United States District Court, D. Kansas

November 18, 2014

UNITED STATES OF AMERICA, Plaintiff,
v.
ALBERT DEWAYNE BANKS (01), Defendant.

MEMORANDUM AND ORDER

DANIEL D. CRABTREE, District Judge.

Defendant Banks has filed a Motion to Sever (Doc. 423) asking the Court to sever Count 25 and Count 26 from the Second Superseding Indictment (Doc. 195). Counts 25 alleges Banks was a felon in possession of a firearm and Count 26 alleges he possessed a firearm in furtherance of drug trafficking. Doc. 195 at 15-16. Banks argues that the firearm counts do not relate to the drug counts and pose a high risk of prejudice. Banks also argues that his motion raises identical issues to defendant Madkins' Motion to Sever (Doc. 372), which the Court has already granted (Doc. 415). For the reasons set forth below, the Court grants Banks' Motion to Sever in part and denies it in part.

Analysis

Fed. R. Crim. P. 8(a) allows the government to join offenses in a single indictment if the offenses "are of the same or similar character, or are based on the same act or transaction, or are connected with or constitute parts of a common scheme or plan." However, Rule 8(a)'s joinder guidelines are subject to the limitations of Rule 14(a), which states in relevant part: "If the joinder of offenses... in an indictment... appears to prejudice a defendant... the court may order separate trials of counts." Fed. R. Crim. P. 14(a). Banks asks the Court to sever Count 25 and Count 26 from the Second Superseding Indictment. The Court addresses each Count separately.

A. Count 25

Count 25 charges Banks with being felon in possession of a firearm. Specifically, that Count charges that Banks possessed a firearm after being convicted of two felony crimes- possession of cocaine with intent to distribute, K.S.A. § 65-4161(a), and possession of cocaine, K.S.A. § 65-4160(a). Doc. 195 at 15.

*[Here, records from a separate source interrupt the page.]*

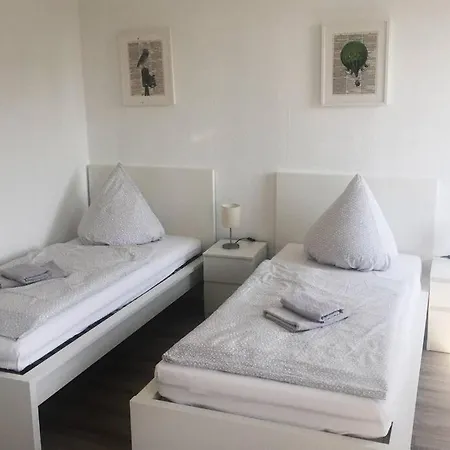Apartment Komplett Ausgestattetes In *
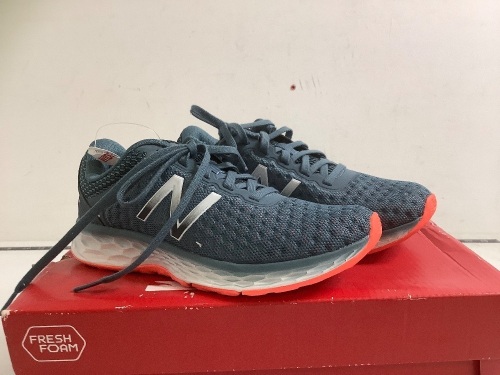 New Balance Shoes, Size 5, Appears New - Lot 497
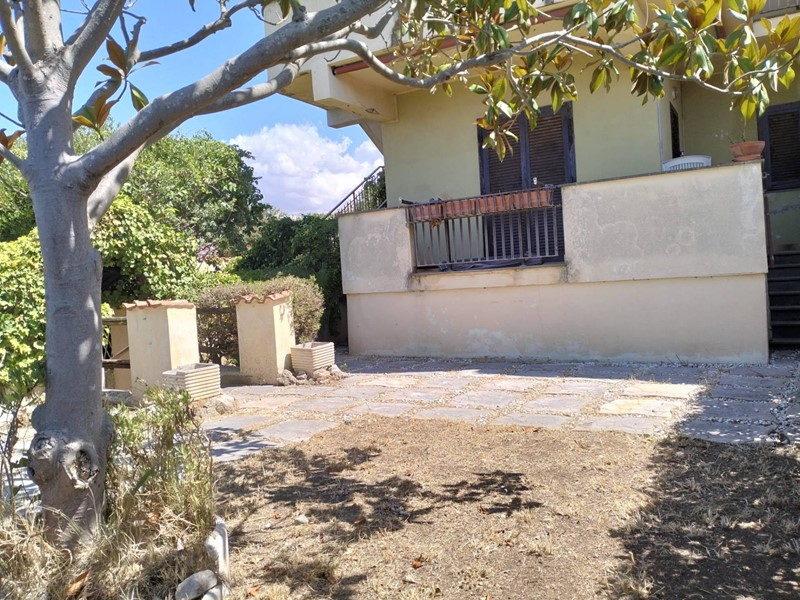 Villa in Vendita a Ardea, 110'000€, 65 m²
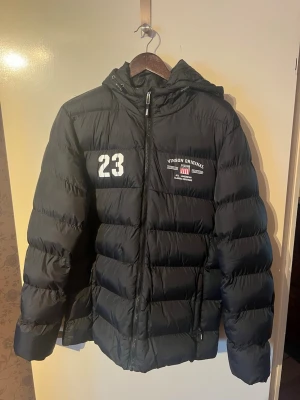  Vinson Original - En svart pufferjacka som är köpt i Igor sport. Ny pris ungefär 800kr! Det är bara att skriva om ni undrar över något och pris går att diskutera!🤝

When determining the merits of a motion for severance, the Court must weigh any prejudice to the defendant "against the important considerations of economy and expedition in judicial administration." United States v. Mabry, 809 F.2d 671, 681 (10th Cir. 1987). Here, Banks is correct that Count 25 presents the same risk of prejudice that concerned the Court when it granted Madkins' motion to sever his own felon-in-possession Count. As in Madkins' case, the predicate felony was possession of cocaine, i.e., the same substance that is the subject of his drug charges. Joinder of Banks' felon-in-possession counts with the drug offenses would allow the government to introduce evidence of Banks' prior convictions, which would be inadmissible in a prosecution for the drug offenses alone. The Court concludes that the risk of unfair prejudice resulting from the introduction of prior cocaine possession convictions outweighs considerations of judicial economy. Accordingly, the Court grants Banks' motion to sever Count 25.

A. Count 26

Next, Banks argues that the Court should sever Count 26. That Count charges Banks with possession of a firearm in furtherance of a drug-trafficking crime. Banks has not made any specific arguments about why the Court should sever this Count. He asserts only that the argument for severing Count 26 is the same as the argument the Court accepted when it severed Madkins' felon-in-possession Count.

The Court disagrees. The Court previously severed a felon-in-possession count because including it would permit the government to introduce evidence of a prior conviction for cocaine possession and distribution. The Court concluded that severance was appropriate because of the risk that the prior felony convictions could prejudice the jury unfairly against Madkins when it considers the drug counts. United States v. McCarter, 316 F.3d 536, 538 (5th Cir. 2002) ("evidence of a prior conviction has long been the subject of careful scrutiny and use at trial because of the danger that the jury might convict, not based on the evidence, but because it feels that the defendant is a bad person") (internal quotation marks omitted). In contrast, joining Count 26 with the drug offenses does not permit the government to introduce evidence of prior cocaine convictions. Thus, joinder of Count 26 does not present the risk of prejudice that lead the Court to sever Madkins' felon-in-possession count. The Court concludes that joinder of Count 26 and the drug offenses is proper under Rule 8 and, therefore, denies Banks' motion to sever this Count.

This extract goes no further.